The I/O interface 28 is responsible for controlling and interfacing
the processor 12 to the network devices 14, 16. The memory system
18 includes a Dynamic Random Access Memory (DRAM) 34, which is
accessed using a DRAM controller 36 and a Static Random Access
Memory (SRAM) 38, which is accessed using an SRAM controller 40.
Although not shown, the processor 12 also would include a
nonvolatile memory to support boot operations. The DRAM 34 and DRAM
controller 36 are typically used for processing large volumes of
data, e.g., processing of payloads from network packets. In a
networking implementation, the SRAM 38 and SRAM controller 40 are
used for low latency, fast access tasks, e.g., accessing look-up
tables, memory for the processor 24, and so forth. The microengines
20 can execute memory reference instructions to either the DRAM
controller 36 or the SRAM controller 40.
[0012] The devices 14 and 16 can be any network devices capable of
transmitting and/or receiving network traffic data, such as
framing/MAC devices, e.g., for connecting to 10/100BaseT Ethernet,
Gigabit Ethernet, ATM or other types of networks, or devices for
connecting to a switch fabric. For example, in one arrangement, the
network device 14 could be an Ethernet MAC device (connected to an
Ethernet network, not shown) that transmits packet data to the
processor 12 and device 16 could be a switch fabric device that
receives processed packet data from processor 12 for transmission
onto a switch fabric.

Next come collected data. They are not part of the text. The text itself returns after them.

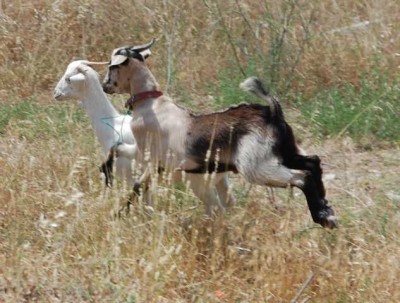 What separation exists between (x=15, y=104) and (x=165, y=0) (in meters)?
1.97

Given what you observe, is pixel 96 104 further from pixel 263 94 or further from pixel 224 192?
pixel 263 94

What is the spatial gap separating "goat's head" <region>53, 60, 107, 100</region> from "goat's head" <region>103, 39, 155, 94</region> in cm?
28

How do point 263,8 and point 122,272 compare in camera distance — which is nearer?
point 122,272

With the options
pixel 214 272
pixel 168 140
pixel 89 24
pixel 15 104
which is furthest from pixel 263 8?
pixel 214 272

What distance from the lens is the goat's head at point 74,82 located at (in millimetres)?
6648

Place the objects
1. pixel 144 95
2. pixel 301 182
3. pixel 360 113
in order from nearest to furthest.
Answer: pixel 301 182 → pixel 144 95 → pixel 360 113

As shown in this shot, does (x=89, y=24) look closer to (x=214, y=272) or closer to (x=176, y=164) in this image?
(x=176, y=164)

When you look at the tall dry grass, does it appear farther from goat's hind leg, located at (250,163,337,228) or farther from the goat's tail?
goat's hind leg, located at (250,163,337,228)

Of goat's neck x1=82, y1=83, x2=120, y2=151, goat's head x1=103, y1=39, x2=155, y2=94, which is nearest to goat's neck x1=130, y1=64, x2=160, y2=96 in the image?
goat's head x1=103, y1=39, x2=155, y2=94

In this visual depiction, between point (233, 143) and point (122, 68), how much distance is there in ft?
3.07

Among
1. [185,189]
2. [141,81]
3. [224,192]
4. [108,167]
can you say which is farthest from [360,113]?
[108,167]

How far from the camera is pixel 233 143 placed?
581 centimetres

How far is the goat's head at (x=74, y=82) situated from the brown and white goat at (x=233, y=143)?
45 centimetres

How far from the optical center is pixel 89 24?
32.0 feet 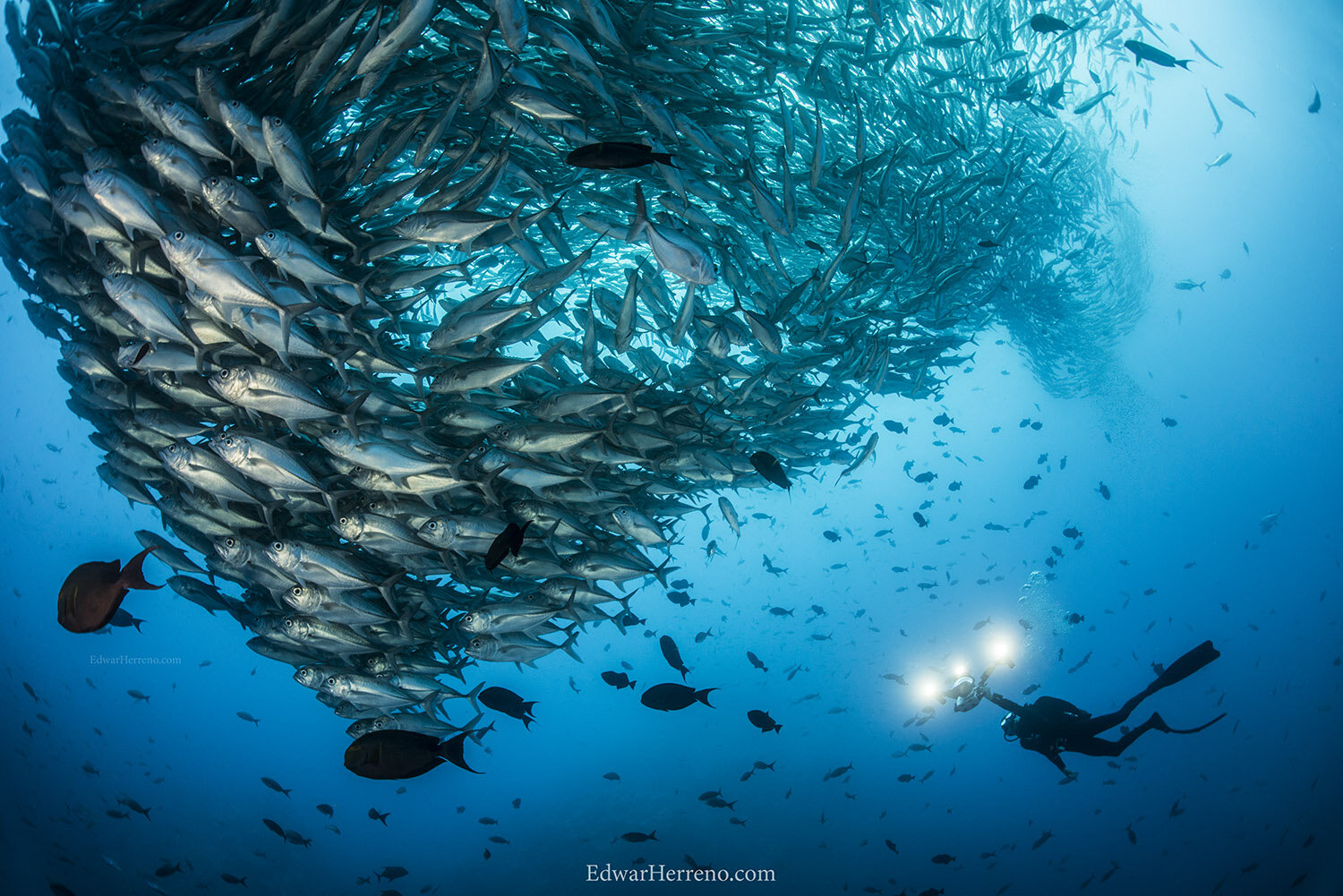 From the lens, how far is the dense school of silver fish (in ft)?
9.98

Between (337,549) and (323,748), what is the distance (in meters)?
36.5

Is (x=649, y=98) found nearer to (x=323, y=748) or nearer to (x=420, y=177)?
(x=420, y=177)

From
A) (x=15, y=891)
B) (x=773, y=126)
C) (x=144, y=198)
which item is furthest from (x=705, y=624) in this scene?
(x=144, y=198)

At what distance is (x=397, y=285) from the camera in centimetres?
355

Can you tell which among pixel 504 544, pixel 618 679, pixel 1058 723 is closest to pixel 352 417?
pixel 504 544

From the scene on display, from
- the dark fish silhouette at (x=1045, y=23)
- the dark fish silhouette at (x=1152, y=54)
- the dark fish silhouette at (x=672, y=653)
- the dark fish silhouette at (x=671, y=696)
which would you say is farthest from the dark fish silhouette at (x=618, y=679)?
the dark fish silhouette at (x=1152, y=54)

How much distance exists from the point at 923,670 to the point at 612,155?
20.6 m

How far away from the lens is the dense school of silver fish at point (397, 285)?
9.98 feet

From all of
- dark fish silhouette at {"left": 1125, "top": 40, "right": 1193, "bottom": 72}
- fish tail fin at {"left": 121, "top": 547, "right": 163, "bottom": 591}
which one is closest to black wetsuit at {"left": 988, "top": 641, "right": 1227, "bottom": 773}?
dark fish silhouette at {"left": 1125, "top": 40, "right": 1193, "bottom": 72}

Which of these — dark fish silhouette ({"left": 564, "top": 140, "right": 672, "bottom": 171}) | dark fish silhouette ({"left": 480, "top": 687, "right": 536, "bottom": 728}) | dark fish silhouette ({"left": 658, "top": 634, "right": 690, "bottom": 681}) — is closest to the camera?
dark fish silhouette ({"left": 564, "top": 140, "right": 672, "bottom": 171})

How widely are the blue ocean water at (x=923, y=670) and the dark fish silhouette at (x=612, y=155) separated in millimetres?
8897

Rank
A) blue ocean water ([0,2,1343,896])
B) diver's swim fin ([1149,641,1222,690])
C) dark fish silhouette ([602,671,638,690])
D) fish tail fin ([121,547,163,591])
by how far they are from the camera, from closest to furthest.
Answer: fish tail fin ([121,547,163,591]), dark fish silhouette ([602,671,638,690]), diver's swim fin ([1149,641,1222,690]), blue ocean water ([0,2,1343,896])

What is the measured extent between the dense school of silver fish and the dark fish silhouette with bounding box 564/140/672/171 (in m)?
0.09

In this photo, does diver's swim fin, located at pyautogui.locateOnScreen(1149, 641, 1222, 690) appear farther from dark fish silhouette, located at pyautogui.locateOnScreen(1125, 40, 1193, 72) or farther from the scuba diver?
dark fish silhouette, located at pyautogui.locateOnScreen(1125, 40, 1193, 72) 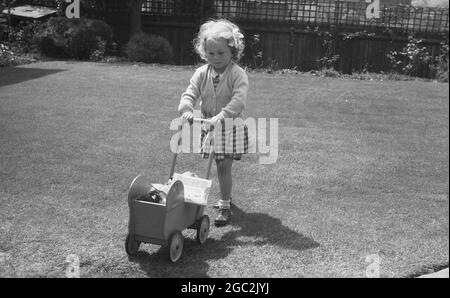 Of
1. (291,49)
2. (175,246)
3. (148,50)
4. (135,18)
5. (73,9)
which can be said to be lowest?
(175,246)

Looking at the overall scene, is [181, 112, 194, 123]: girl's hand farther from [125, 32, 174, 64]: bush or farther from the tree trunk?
the tree trunk

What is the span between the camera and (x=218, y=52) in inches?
145

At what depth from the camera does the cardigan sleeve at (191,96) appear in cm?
377

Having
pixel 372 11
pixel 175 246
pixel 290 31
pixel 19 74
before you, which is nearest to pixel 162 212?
pixel 175 246

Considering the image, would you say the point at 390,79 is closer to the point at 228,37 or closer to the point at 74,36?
the point at 74,36

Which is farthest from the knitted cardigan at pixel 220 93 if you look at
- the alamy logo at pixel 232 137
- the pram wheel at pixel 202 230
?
the pram wheel at pixel 202 230

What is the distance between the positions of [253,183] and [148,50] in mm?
8511

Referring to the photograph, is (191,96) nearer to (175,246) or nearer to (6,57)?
(175,246)

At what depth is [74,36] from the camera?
12.8 m

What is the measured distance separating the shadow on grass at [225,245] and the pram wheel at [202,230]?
0.04 meters

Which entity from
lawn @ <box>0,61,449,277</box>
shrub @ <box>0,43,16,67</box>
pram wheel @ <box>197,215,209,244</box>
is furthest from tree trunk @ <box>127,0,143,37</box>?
pram wheel @ <box>197,215,209,244</box>

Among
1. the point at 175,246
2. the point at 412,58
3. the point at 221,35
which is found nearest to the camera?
the point at 175,246

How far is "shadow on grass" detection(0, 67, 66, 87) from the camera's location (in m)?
9.17

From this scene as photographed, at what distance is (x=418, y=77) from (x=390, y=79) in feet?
3.39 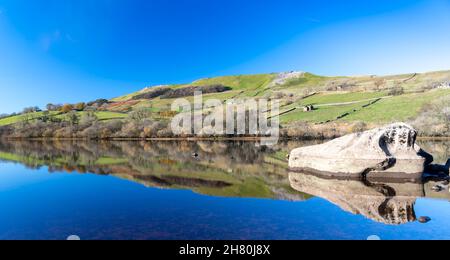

In such an implementation, that is, when
handling traffic to be sent to a switch fabric, the processor 12
would be acting as an ingress network processor. Alternatively, the
processor 12 could operate as an egress network processor, handling
traffic that is received from a switch fabric (via device 16) and
destined for another network device such as network device 14, or
network coupled to such device. Although the processor 12 can
operate in a standalone mode, supporting both traffic directions,
it will be understood that, to achieve higher performance, it may
be desirable to use two dedicated processors, one as an ingress
processor and the other as an egress processor. The two dedicated
processors would each be coupled to the devices 14 and 16. In
addition, each network device 14, 16 can include a plurality of
ports to be serviced by the processor 12. The I/O interface 28
therefore supports one or more types of interfaces, such as an
interface for packet and cell transfer between a PHY device and a
higher protocol layer (e.g., link layer), or an interface between a
traffic manager and a switch fabric for Asynchronous Transfer Mode
(ATM), Internet Protocol (IP), Ethernet, and similar data
communications applications. The I/O interface 28 includes separate
receive and transmit blocks, each being separately configurable for
a particular interface supported by the processor 12.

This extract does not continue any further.